Les cadres soignants sont nos influenceurs actifs sur les carrefours des individus, de l’organisation, de la communauté. La chaine de valeur nous apprend que les valeurs du chef influencent son comportement et la structure organisationnel mise en place. Cette structure influence le comportement et l’engagement des collaborateurs. En cela « The core leadership strategy is : be a model », le bien-être des individus, des équipes et de l’organisation en dépend.


Jakob Ingebrigtsen, champion du monde actuel du 5000m, déçu lors de son interview disait : « Le sport n’est pas qu’une question de gagner, il s’agit aussi de montrer ce qui est possible ». Deux semaines plus tard lors de la dernière manche du Diamond League, il fait une tentative pour battre le record du monde. Il rate pour une fraction de seconde. A son interview il est heureux. Sa cadence et son interaction avec les autres coureurs a fait de cette course une course d’anthologie. Quasi l’ensemble des coureurs a battu un record national, un « personal best », un record du monde des moins de U23 etc. Cadre soignant n’est pas un statut, ni une position hiérarchique. Il s’agit aussi de montrer ce qui est possible !

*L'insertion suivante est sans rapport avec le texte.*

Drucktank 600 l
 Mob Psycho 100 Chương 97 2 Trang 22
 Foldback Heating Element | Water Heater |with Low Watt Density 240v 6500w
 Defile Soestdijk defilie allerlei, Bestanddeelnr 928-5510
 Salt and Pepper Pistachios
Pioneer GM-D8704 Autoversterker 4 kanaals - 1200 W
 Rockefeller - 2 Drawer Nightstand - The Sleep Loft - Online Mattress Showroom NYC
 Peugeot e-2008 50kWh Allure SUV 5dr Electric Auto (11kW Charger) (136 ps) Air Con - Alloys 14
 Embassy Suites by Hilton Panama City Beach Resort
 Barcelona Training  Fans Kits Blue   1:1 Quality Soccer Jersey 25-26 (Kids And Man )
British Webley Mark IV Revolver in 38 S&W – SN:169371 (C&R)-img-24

Les systèmes complexes adaptifs sont faits de règles simples. Il y a moyen d’engager un cercle vertueux, si on le souhaite. Les solutions sont connues de longue date, ils impliquent des choix. Les soignants et cadres soignants ont une responsabilité à endosser, ils détiennent les clefs de la transformation de notre système de santé. Il y a lieu de les mettre en disposition pour ce faire. Soignants et cadres soignants, il y a lieu de prendre la place qui vous revient. S’indignez, c’est résister, c’est créer.